There are many other requirements too, but the above ones are the basic. Let’s take a look at the routing table in the Master and Worker node. Each node has a container with an IP address and default container route.

By seeing the routing table, it is evident that the Pods can talk to each other via the L3 network as the routes are perfect. What module is responsible for adding this route, and how it gets to know the remote routes? Also, why there is a default route with gateway 169.254.1.1? We will talk about that in a moment.

The core components of Calico are Bird, Felix, ConfD, Etcd, and Kubernetes API Server. The data-store is used to store the config information(ip-pools, endpoints info, network policies, etc.). In our example, we will use Kubernetes as a Calico data store.

BIRD (BGP)

The bird is a per-node BGP daemon that exchanges route information with BGP daemons running on other nodes. The common topology could be node-to-node mesh, where each BGP peers with every other.

For large scale deployments, this can get messy. There are Route Reflectors for completing the route propagation (Certain BGP nodes can be configured as Route Reflectors) to reduce the number of BGP-BGP connections. Rather than each BGP system having to peer with every other BGP system with the AS, each BGP speaker instead peers with a router reflector. Routing advertisements sent to the route reflector are then reflected out to all of the other BGP speakers.
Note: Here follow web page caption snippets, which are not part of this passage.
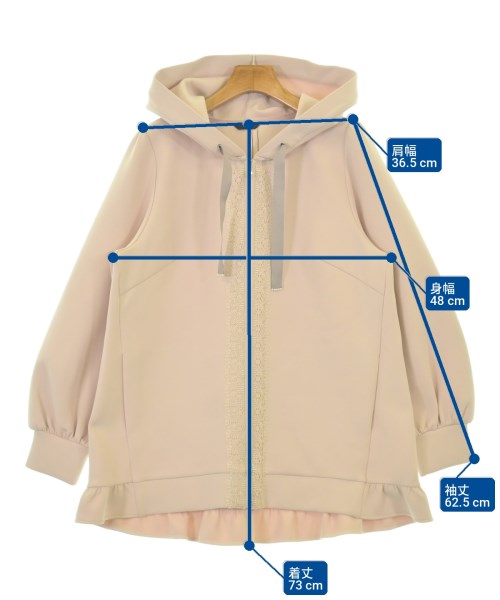 TO BE CHIC 連帽衫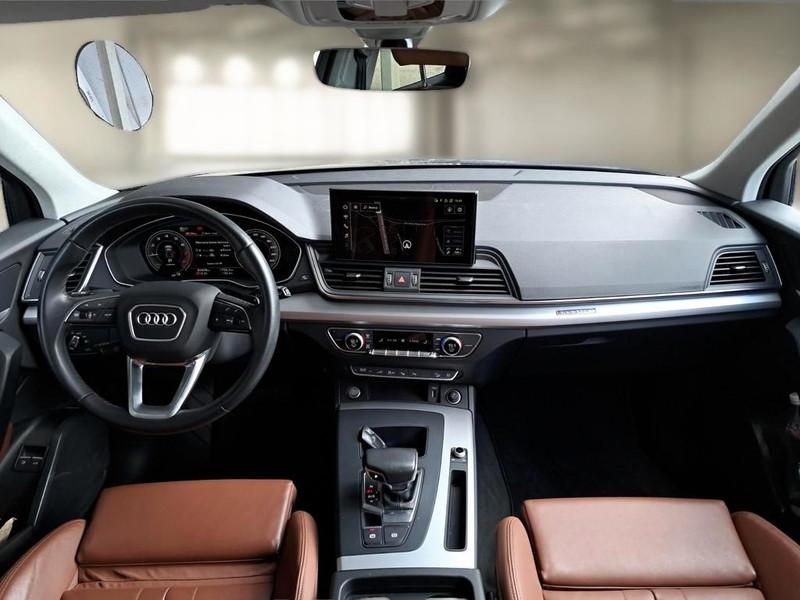 AUDI Q5 SPORTBACK 50 TFSI E S line quattro S tronic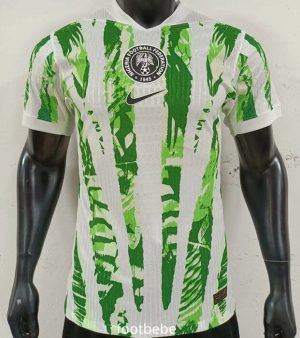 Maillot Match Nigeria 2025 2026 domicile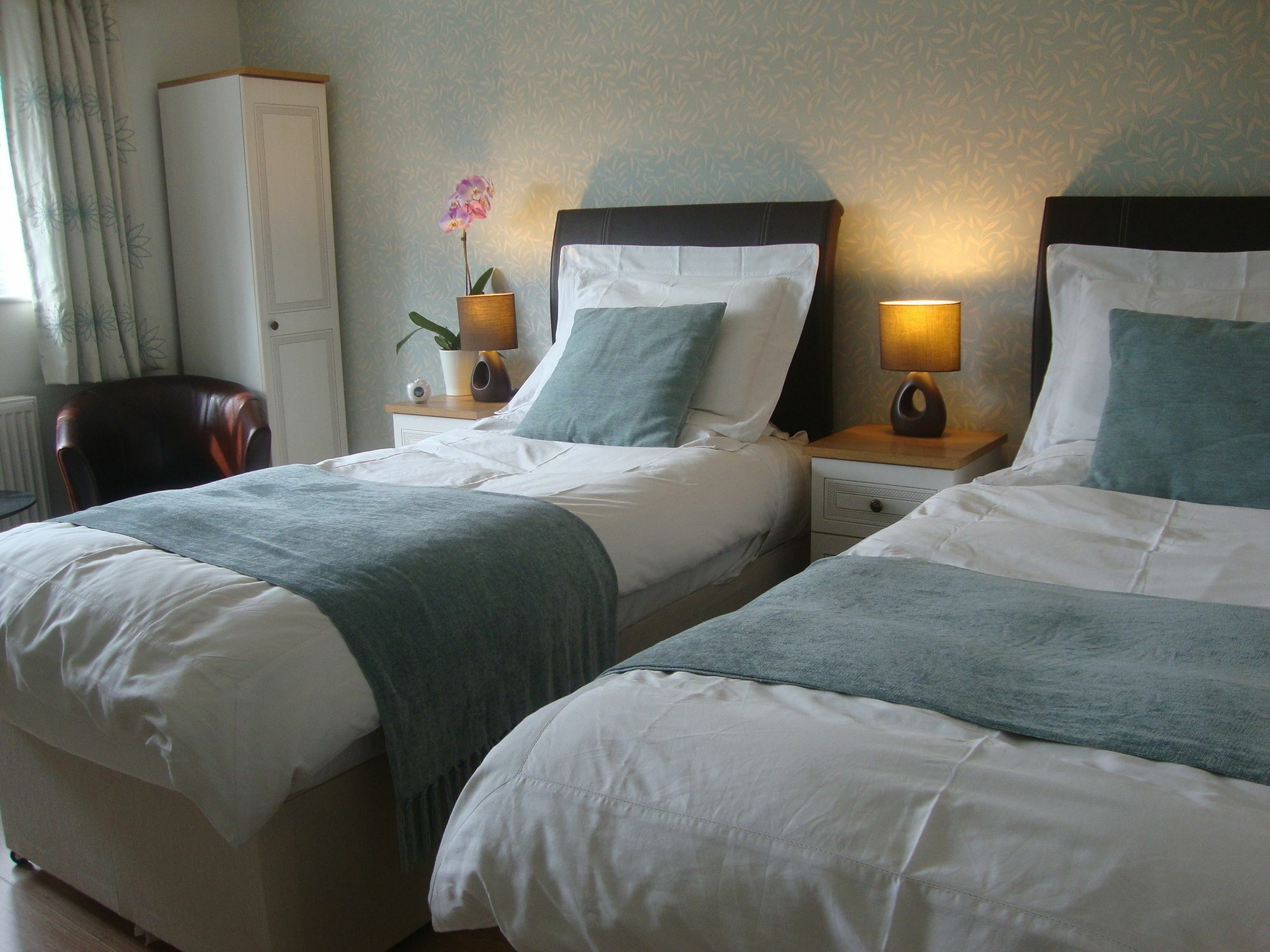 Canal View Bed And Breakfast Saxilby Exterior foto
For more information, please refer to the RFC4456.

The BIRD instance is responsible for propagating the routes to other BIRD instances. The default configuration is ‘BGP Mesh,’ and this can be used for small deployments. In large-scale deployments, it is recommended to use a Route reflector to avoid issues. There can be more than one RR to have high availability. Also, external rack RRs can be used instead of BIRD.

ConfD

ConfD is a simple configuration management tool that runs in the Calico node container. It reads values (BIRD configuration for Calico) from etcd, and writes them to disk files. It loops through pools (networks and subnetworks) to apply configuration data (CIDR keys), and assembles them in a way that BIRD can use. So whenever there is a change in the network, BIRD can detect and propagate routes to other nodes.

Felix

The Calico Felix daemon runs in the Calico node container and brings the solution together by taking several actions:

  • Reads information from the Kubernetes etcd
  • Builds the routing table
  • Configures the IPTables (kube-proxy mode IPTables)
  • Configures IPVS (kube-proxy mode IPVS)

Let’s look at the cluster with all Calico modules,

Something looks different? Yes, the one end of the veth is dangling, not connected anywhere; It is in kernel space.
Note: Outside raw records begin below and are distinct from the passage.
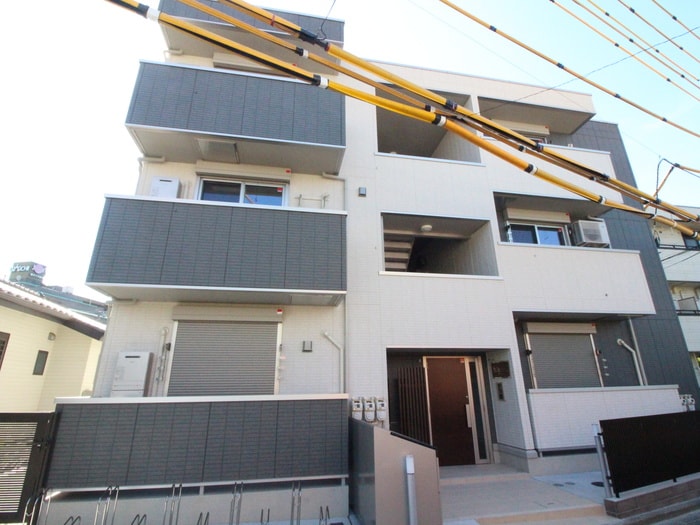 外観写真 ラ・パーチェ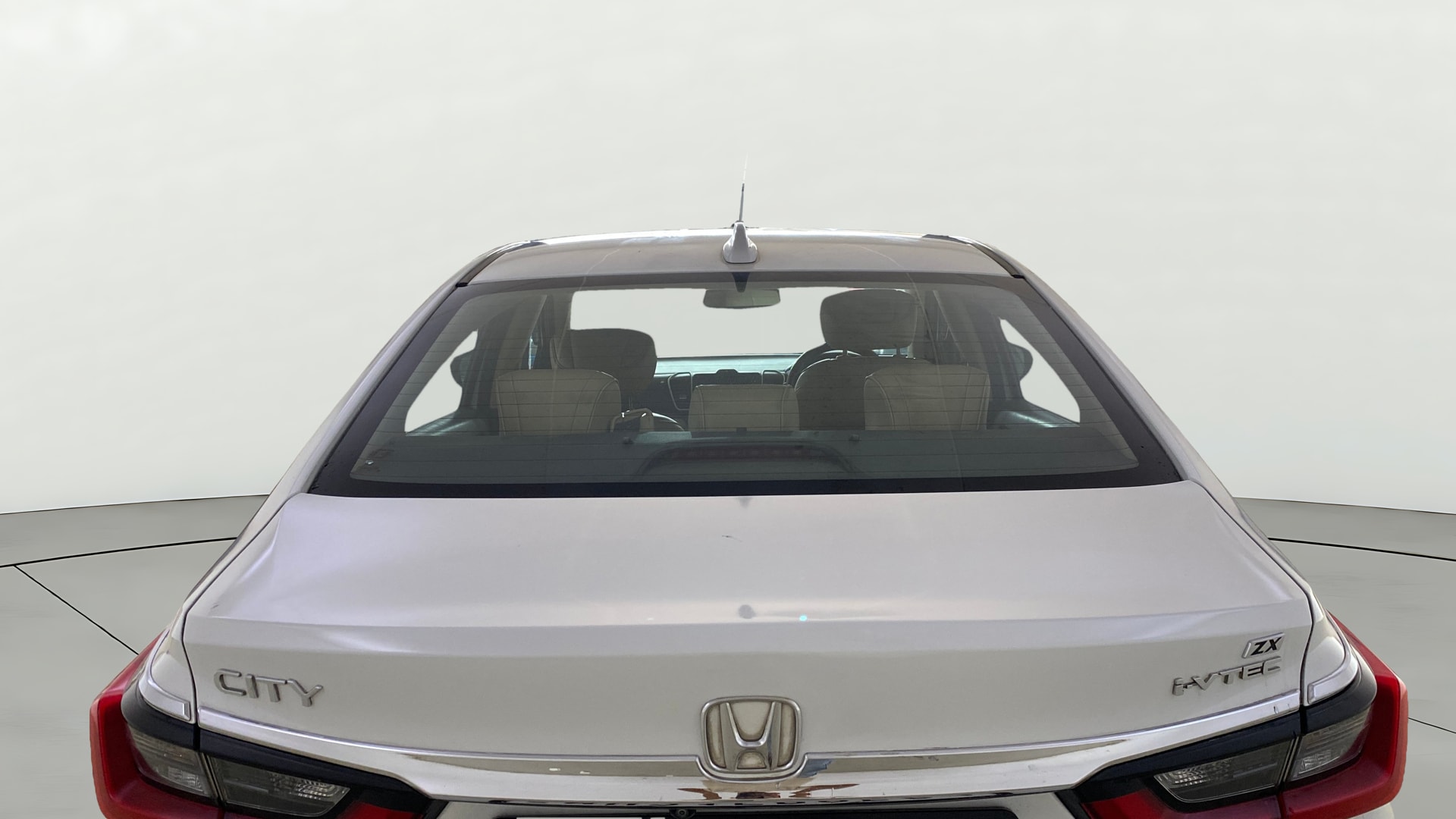 Used 2021 Honda City ZX Used 2021 Honda City ZX
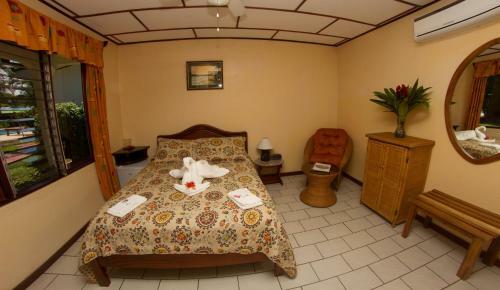 Hotel La Rosa De America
How the packet gets routed to the peer node?

  1. Pod in master tries to ping the IP address 10.0.2.11
  2. Pod sends an ARP request to the gateway.
  3. Get’s the ARP response with the MAC address.
  4. Wait, who sent the ARP response?

What’s going on? How can a container route at an IP that doesn't exist? Let’s walk through what’s happening. Some of you reading this might have noticed that 169.254.1.1 is an IPv4 link-local address. The container has a default route pointing at a link-local address. The container expects this IP address to be reachable on its directly connected interface, in this case, the containers eth0 address. The container will attempt to ARP for that IP address when it wants to route out through the default route.

If we capture the ARP response, it will show the MAC address of the other end of the veth (cali123). So you might be wondering how on earth the host is replying to an ARP request for which it doesn’t have an IP interface. The answer is proxy-arp. If we check the host side VETH interface, we’ll see that proxy-arp is enabled.
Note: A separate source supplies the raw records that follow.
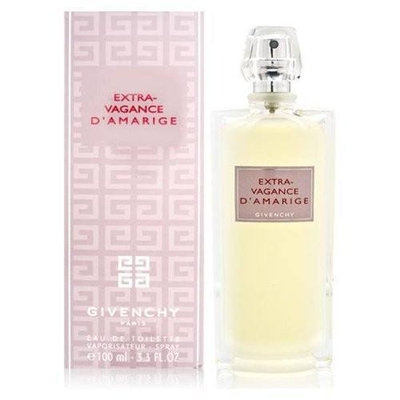 Givenchy Extravagance Perfume 3.4 Oz Edt For Women - EXT34SW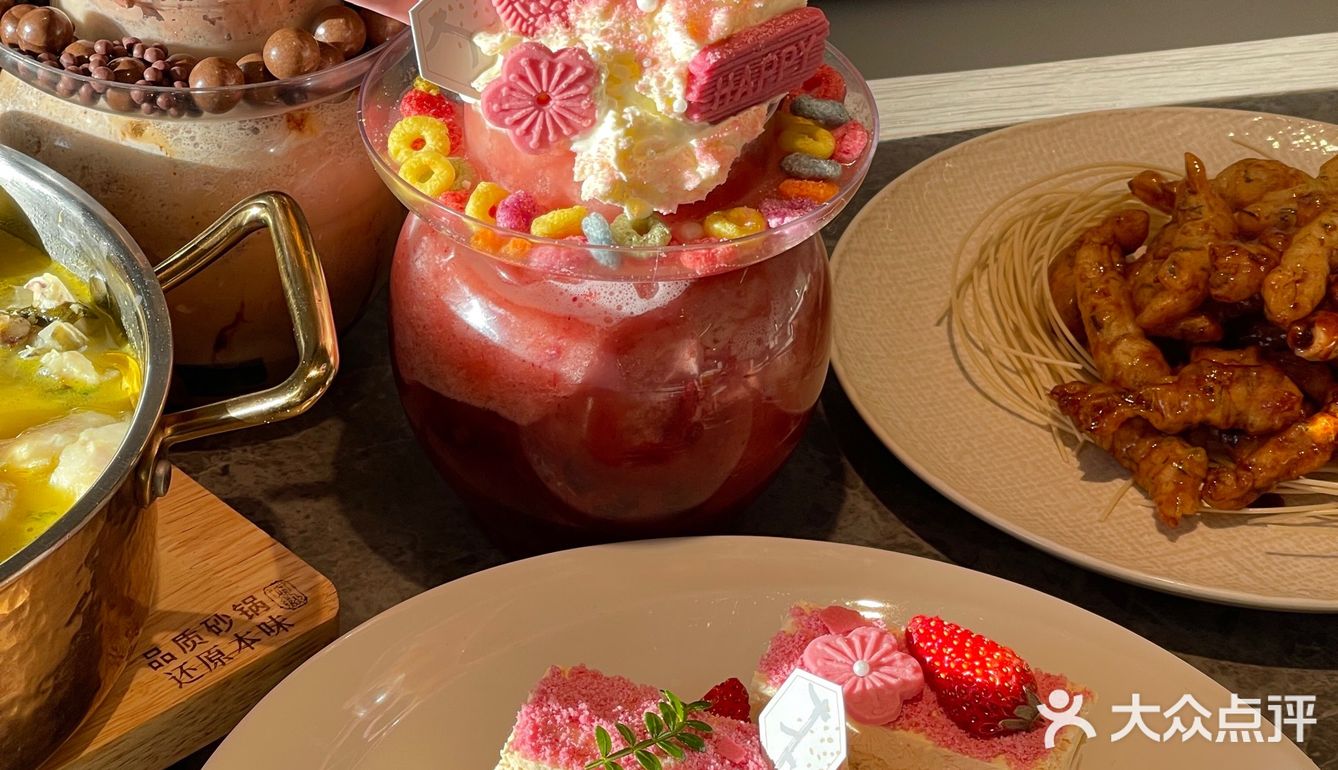 坐高铁来锦州就为了这口泡菜坛子沙冰🍧爽！！
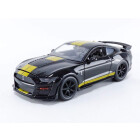 Jada Toys 32661BK Miniaturauto aus der Kollektion, Glossy...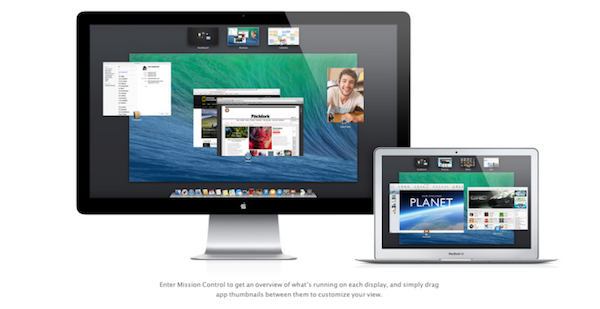 Image 12 : Mac OS X Mavericks : 14 nouveautés passées en revue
“Proxy ARP is a technique by which a proxy device on a given network answers the ARP queries for an IP address that is not on that network. The proxy is aware of the location of the traffic’s destination, and offers its own MAC address as the (ostensibly final) destination.[1] The traffic directed to the proxy address is then typically routed by the proxy to the intended destination via another interface or via a tunnel. The process, which results in the node responding with its own MAC address to an ARP request for a different IP address for proxying purposes, is sometimes referred to as publishing”

Let’s take a closer look at the worker node,

Once the packet reaches the kernel, it routes the packet based on routing table entries.

Incoming traffic

  1. The packet reaches the worker node kernel.
  2. Kernel puts the packet into the cali123.

Routing Modes

Calico supports 3 routing modes; in this section, we will see the pros and cons of each method and where we can use them.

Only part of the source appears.